I don’t know who the people are in Jeremy Morris’s network and how representative they are of Russian opinion. I tend to think some of the points in the article are valid and some are not. I do think it’s important to read a variety of perspectives. – Natylie
By Jeremy Morris, OpenDemocracy, 5/9/23
How has Russia changed, more than a year after its invasion of Ukraine? Has it become a fascist state with soldiers in the classroom, and people afraid to express the slightest doubts about the war? Are Russians consenting to be mobilised, to kill and be killed on the front? What do ordinary people really think about Ukrainians, the West and their own government?
At the beginning of last year, I spent time trying to answer the question of how war would change Russia – my hunch was “the same, but worse”. I continue to ask that question, both of myself and the dozens of Russians I work with.
I’m the only foreign anthropologist to have carried out fieldwork in Russia since the war began. I’m also (probably) the only researcher with long-term contacts from all walks of life, who can get reliable responses and avoid many of the biases those studying Russia are unavoidably subject to. Explaining the war means that many contradictory things need to be said. For many Russians, the conflict is traumatising yet normalised at the same time.

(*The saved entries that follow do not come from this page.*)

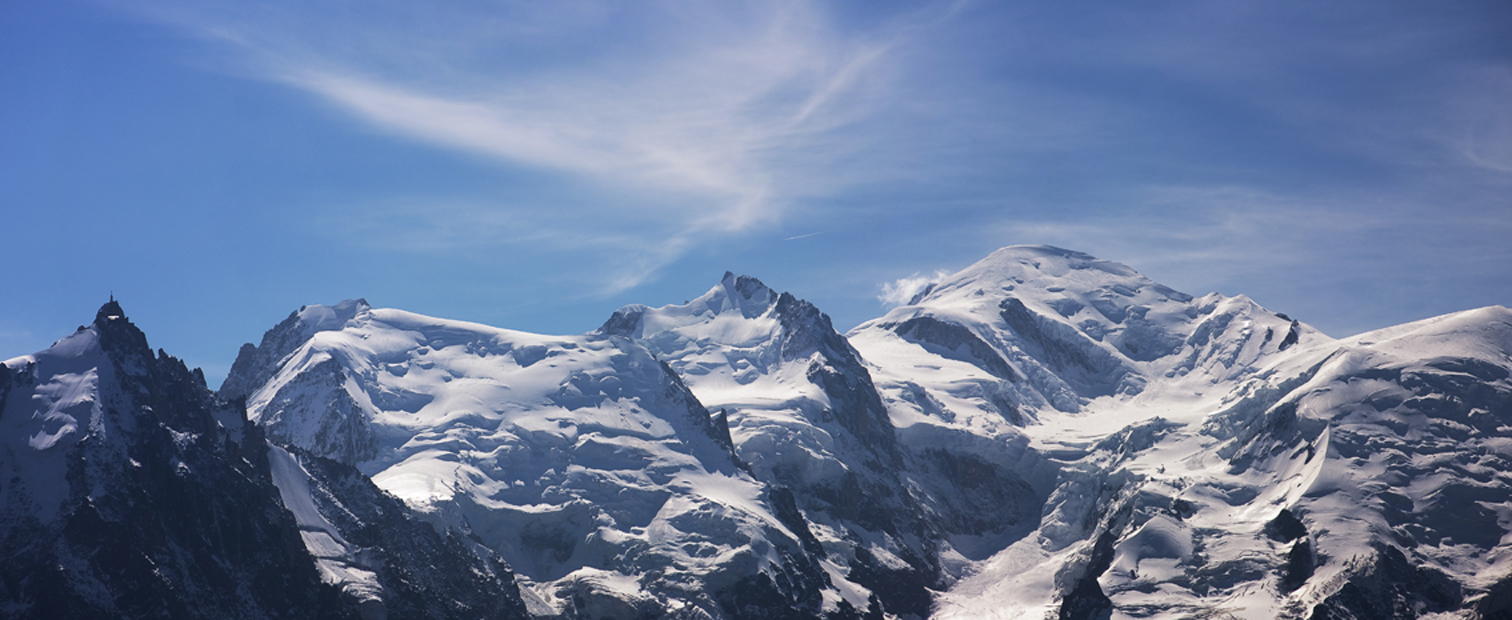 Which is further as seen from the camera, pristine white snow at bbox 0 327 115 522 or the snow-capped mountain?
pristine white snow at bbox 0 327 115 522

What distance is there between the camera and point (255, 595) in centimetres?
19425

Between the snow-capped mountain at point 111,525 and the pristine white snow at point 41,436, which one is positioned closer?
the snow-capped mountain at point 111,525

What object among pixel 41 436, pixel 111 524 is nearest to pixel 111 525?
pixel 111 524

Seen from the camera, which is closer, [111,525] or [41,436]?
[111,525]

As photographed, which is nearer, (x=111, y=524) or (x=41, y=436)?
(x=111, y=524)

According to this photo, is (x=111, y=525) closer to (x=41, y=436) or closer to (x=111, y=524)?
(x=111, y=524)

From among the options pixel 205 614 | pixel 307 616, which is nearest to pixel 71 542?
pixel 205 614

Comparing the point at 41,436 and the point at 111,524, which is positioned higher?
the point at 41,436

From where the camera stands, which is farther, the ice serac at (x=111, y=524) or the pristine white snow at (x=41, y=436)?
the pristine white snow at (x=41, y=436)

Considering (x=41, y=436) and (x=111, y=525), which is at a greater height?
(x=41, y=436)

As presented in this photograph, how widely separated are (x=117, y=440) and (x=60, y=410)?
9.64 metres

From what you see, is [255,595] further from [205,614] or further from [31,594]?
[31,594]

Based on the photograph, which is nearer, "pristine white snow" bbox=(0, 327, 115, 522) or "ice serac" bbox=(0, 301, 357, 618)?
"ice serac" bbox=(0, 301, 357, 618)

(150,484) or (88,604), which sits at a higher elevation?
(150,484) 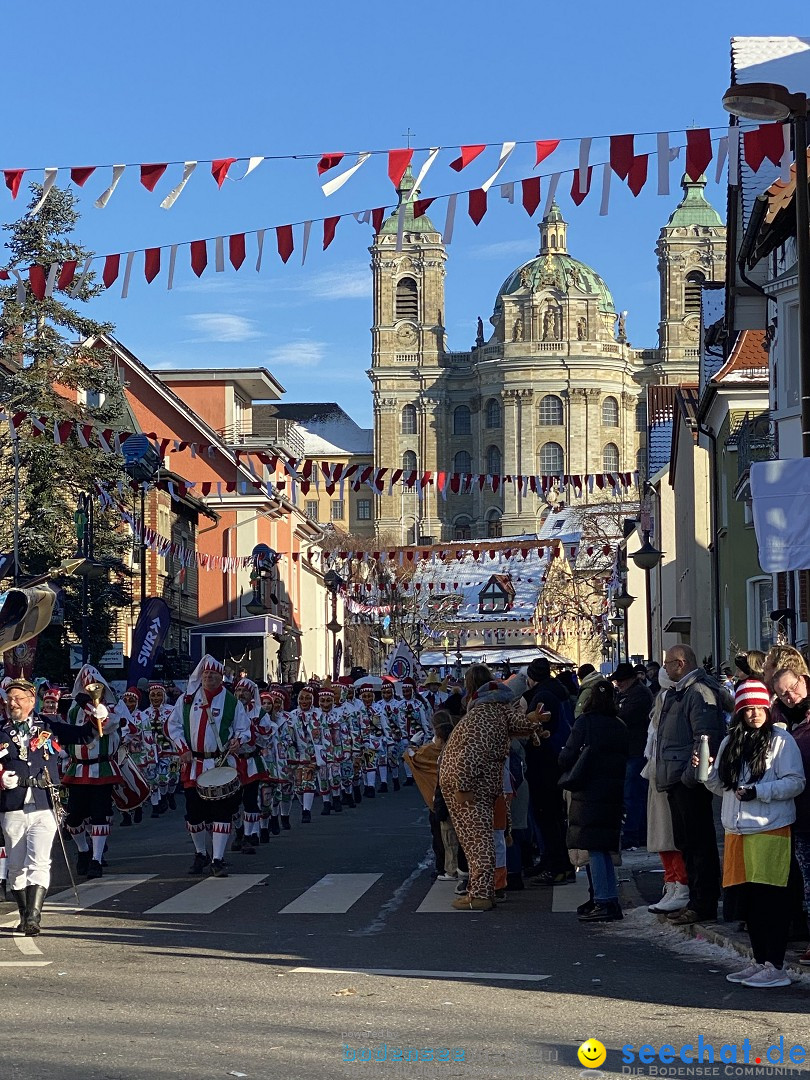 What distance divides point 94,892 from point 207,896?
43.0 inches

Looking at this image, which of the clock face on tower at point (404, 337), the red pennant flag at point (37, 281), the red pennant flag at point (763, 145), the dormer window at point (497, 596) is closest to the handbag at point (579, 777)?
the red pennant flag at point (763, 145)

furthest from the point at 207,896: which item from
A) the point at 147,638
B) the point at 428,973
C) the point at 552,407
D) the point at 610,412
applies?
the point at 610,412

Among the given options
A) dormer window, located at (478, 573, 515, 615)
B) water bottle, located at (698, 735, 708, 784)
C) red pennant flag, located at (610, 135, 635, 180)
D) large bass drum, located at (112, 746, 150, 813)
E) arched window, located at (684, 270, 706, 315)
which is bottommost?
large bass drum, located at (112, 746, 150, 813)

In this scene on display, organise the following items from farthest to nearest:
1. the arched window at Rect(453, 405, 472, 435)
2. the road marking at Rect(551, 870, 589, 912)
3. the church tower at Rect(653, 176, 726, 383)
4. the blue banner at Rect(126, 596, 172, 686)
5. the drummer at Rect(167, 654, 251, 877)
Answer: the church tower at Rect(653, 176, 726, 383)
the arched window at Rect(453, 405, 472, 435)
the blue banner at Rect(126, 596, 172, 686)
the drummer at Rect(167, 654, 251, 877)
the road marking at Rect(551, 870, 589, 912)

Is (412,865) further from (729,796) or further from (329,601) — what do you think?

As I wrote in openDemocracy shortly after the invasion, when people are presented with potentially traumatising information, their cognitive coping mechanisms include denial and avoidance. As time goes by, they gravitate to more ‘sophisticated’ ways of dealing with the disturbing idea that their country is responsible for mass death and destruction, war crimes and worse.

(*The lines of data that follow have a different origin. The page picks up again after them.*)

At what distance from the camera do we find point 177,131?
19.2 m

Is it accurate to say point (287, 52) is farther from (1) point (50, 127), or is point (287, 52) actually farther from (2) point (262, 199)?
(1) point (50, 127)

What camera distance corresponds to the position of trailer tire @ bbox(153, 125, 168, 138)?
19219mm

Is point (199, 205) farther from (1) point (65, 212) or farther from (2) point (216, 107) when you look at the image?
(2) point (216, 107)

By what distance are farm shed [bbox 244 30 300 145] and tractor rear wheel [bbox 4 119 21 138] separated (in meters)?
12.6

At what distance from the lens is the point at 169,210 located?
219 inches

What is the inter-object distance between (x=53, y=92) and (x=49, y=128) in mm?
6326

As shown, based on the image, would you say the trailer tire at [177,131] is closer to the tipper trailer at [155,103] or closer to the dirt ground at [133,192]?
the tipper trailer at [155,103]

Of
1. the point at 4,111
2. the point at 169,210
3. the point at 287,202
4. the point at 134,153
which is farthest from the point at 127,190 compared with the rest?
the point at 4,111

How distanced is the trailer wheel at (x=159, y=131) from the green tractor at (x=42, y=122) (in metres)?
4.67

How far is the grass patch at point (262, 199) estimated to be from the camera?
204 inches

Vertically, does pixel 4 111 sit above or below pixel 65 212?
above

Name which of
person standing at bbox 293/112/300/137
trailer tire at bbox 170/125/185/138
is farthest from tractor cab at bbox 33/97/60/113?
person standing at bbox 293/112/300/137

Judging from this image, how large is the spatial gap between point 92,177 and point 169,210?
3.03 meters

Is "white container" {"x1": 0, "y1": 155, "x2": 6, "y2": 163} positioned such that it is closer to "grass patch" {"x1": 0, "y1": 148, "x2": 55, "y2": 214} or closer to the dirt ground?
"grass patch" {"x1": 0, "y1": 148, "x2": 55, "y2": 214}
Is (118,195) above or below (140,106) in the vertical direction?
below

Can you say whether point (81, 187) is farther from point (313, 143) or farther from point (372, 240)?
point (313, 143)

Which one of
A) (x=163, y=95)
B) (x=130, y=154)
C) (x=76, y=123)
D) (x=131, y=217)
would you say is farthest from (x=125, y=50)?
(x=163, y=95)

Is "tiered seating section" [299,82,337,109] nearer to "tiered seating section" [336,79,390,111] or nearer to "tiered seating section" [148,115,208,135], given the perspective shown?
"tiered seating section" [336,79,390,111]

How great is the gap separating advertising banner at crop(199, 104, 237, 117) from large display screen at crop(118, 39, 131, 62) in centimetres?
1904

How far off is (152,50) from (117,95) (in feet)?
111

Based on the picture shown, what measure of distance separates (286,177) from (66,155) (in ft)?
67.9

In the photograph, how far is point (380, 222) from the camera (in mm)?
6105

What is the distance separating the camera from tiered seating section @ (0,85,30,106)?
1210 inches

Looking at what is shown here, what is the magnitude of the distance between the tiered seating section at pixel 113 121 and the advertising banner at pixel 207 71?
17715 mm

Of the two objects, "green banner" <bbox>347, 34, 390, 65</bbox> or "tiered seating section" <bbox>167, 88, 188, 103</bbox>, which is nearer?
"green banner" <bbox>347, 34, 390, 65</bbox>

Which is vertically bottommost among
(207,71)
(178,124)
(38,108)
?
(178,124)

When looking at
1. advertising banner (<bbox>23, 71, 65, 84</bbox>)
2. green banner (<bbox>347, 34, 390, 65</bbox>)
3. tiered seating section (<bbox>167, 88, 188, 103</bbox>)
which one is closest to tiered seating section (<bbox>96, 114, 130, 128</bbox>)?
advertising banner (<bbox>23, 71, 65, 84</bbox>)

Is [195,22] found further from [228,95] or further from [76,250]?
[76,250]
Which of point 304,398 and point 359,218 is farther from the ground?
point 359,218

They consolidate defensively around ideas that justify or explain the invasion, and allow them to continue their lives in as mundane a way as possible – that it’s the West who is the aggressor, or that Ukrainians are dupes of their own “fascist regime”.

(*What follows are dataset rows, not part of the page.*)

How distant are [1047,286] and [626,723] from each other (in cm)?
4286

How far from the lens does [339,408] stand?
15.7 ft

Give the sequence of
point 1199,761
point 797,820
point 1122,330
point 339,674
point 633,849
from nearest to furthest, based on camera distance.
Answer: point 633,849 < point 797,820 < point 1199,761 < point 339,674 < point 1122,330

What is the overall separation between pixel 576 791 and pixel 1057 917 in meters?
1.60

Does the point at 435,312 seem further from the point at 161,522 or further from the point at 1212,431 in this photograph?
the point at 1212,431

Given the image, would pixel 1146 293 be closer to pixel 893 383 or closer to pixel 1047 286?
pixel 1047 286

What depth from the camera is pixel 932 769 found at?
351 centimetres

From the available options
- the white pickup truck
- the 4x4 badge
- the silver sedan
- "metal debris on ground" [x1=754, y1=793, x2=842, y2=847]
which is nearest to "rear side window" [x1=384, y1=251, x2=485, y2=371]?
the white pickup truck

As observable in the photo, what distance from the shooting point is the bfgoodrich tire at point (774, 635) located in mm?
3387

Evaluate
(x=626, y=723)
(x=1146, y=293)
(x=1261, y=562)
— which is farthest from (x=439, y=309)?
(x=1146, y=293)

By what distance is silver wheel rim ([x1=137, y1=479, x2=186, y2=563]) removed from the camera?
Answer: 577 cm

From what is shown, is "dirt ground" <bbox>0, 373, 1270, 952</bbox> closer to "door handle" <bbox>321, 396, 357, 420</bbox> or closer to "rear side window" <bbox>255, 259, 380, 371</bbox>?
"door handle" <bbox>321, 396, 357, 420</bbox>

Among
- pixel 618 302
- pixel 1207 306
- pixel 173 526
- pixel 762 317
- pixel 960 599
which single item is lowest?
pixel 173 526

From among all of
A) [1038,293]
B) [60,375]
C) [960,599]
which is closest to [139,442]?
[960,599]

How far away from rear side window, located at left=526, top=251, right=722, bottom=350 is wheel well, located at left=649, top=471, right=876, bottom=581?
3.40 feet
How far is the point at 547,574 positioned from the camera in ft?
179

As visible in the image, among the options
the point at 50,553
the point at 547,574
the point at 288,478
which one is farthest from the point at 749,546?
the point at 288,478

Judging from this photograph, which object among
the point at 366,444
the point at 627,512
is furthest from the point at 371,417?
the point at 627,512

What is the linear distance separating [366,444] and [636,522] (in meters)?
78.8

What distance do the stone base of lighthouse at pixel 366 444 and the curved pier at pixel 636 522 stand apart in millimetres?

These are not really ideas, but feelings that tap into deep-seated historical processes and unfinished questions about the nature of Russia and, before it, the Soviet state. These include misplaced and inaccurate perceptions of the Soviet order’s benign governance of Ukraine and elsewhere, as well as accusations of imperialist sins by the West while denying Russia’s same sins.
Geopolitical and historical resentment about the loss of the Soviet project are felt deeply by many Russians. Like all things that people believe about their own countries, these feelings are amplified in a crisis. But even this is not the main thing.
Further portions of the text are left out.